The Applicant has developed various methods for the deposition of phosphors used in thick film dielectric electroluminescent devices. For example, PCT CA01/01823. discloses a method, preferably using electron beam evaporation, for the deposition of a ternary, quaternary or similar phosphor composition, in which components of the composition are located on different sources. In particular, the compositions comprise thoaluminates, thiogallates or thioindates of elements from Group IIA and Group IIB of the Periodic Table of Elements, formed from these different sources. PCT CA01/01234 discloses a dual source phosphor deposition method using dual source electron beam deposition. The various compounds of the first and second sources are provided in the ratios required to provide the required composition of the phosphor. The deposited phosphors are preferably blue emitting europium activated barium thioaluminate.
The deposition of phosphor films comprising thioaluminates, thiogallates, or thioindates is a complex process. The properties of the deposited phosphor films are sensitive to background concentrations of sulfur and oxygen species present in the deposition atmosphere that may detrimentally affect film performance.
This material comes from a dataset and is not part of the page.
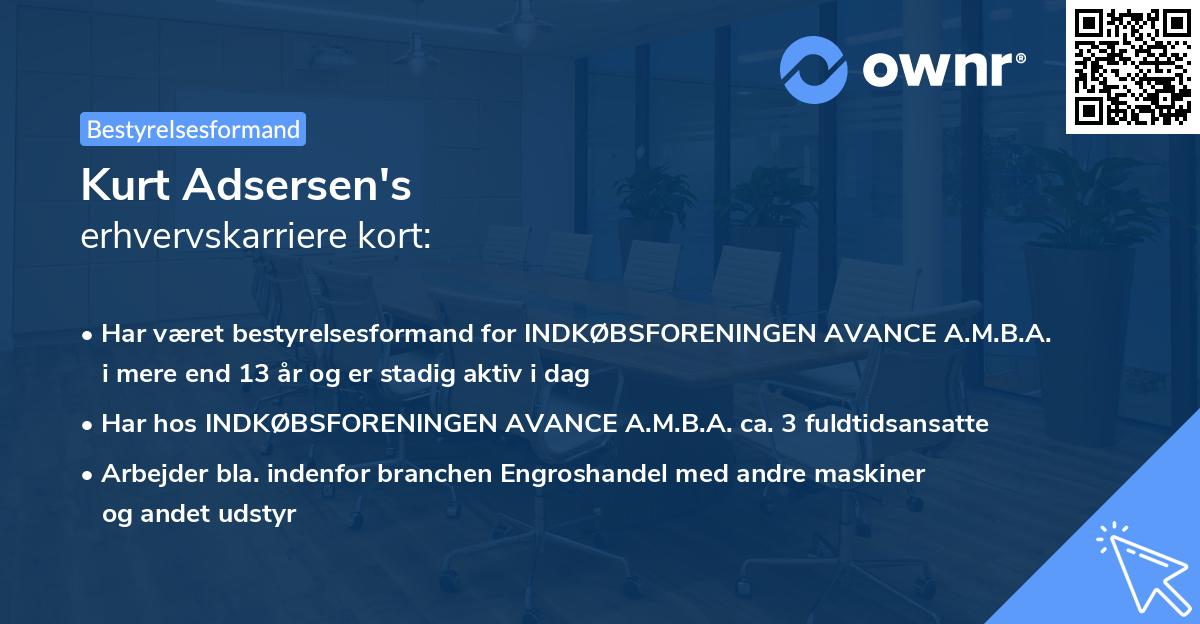 Kurt Adsersen's erhvervskarriere kort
Currently there is no reliable method to introduce hydrogen sulfide as a sulfur source for phosphor deposition at sufficiently high concentrations and sufficiently high reactive temperatures and energies in order to effectively and reproducibly provide a high luminance phosphor with stable operating characteristics. In some conventional electron beam evaporation methods, hydrogen sulfide is introduced into the deposition chamber through a feed tube to distribute itself uniformly within the chamber in a random manner. In other conventional deposition methods, the substrate is bombared with hydrogen sulfide during deposition of the phosphor. However, these methods of hydrogen sulfide introduction do not fully overcome the tendency of the deposited phosphor to be unstable during operation.
There is therefore a need to provide a method for the deposition of a phosphor film in an electroluminescent display that introduces a sulfur source in a manner that obviates the problems associated with the prior art methods.